Após sua estreia no filme policial "Morte em Buenos Aires" (2014), Meta explicou que decidiu explorar o gênero de terror depois de ler "El mal menor", do "mítico" Feiling, morto prematuramente em 1997, devido a uma doença.

Seu problema: "Tenho muito medo de filmes de terror. É sério", confessou. "Mas decidi perder o medo e comecei a assistir" a filmes do gênero "em casa, durante o dia, com todas as janelas abertas".

Assim, "Mullholland Drive - A Cidade dos Sonhos", de David Lynch, é uma das grandes referências de "O fugitivo", embora Meta volte a mover novamente as fronteiras e incorpore elementos de comédia – protagonizados principalmente pelo insuportável namorado de Inés, Leopoldo (Daniel Hendler) – e de drama.

Outro protagonista do filme: os sons que enlouquecem Inés e desafiam o espectador ao mesmo tempo. "O som é quase indistinguível" da ação. "Quando batem na porta, no filme, pode ser perfeitamente a da sua casa", afirmou Meta.

Apelo ao aborto legal
Já Érica Rivas levou para Berlinale a voz do movimento social que exige, na Argentina, a legalização do aborto.

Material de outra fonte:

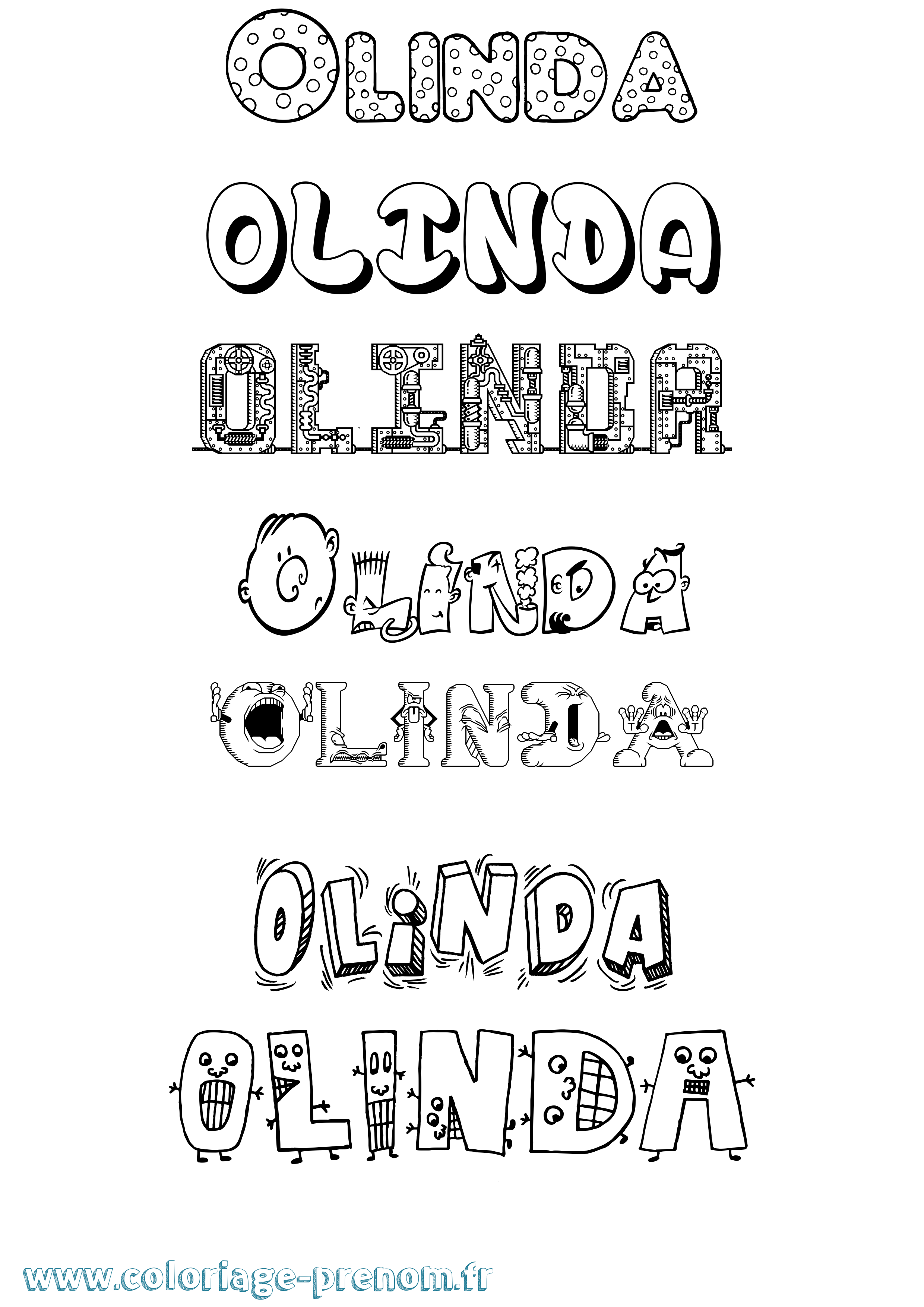 Coloriage Olinda Fun Coloriage prénom Olinda Fun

"Estamos pedindo aborto legal em nosso país", afirmou a também intérprete de "Relatos selvagens", após milhares de mulheres irem às ruas esta semana com lenços verdes a favor da causa.

Na competição de Berlinale, "O fugitivo" enfrentará os últimos trabalhos de diretores como Abel Ferrara, Philippe Garrel, Sally Potter e Kelly Reichardt.

No ano passado, quem levou o Urso de Ouro foi "Synonymes", de Nadav Lapid.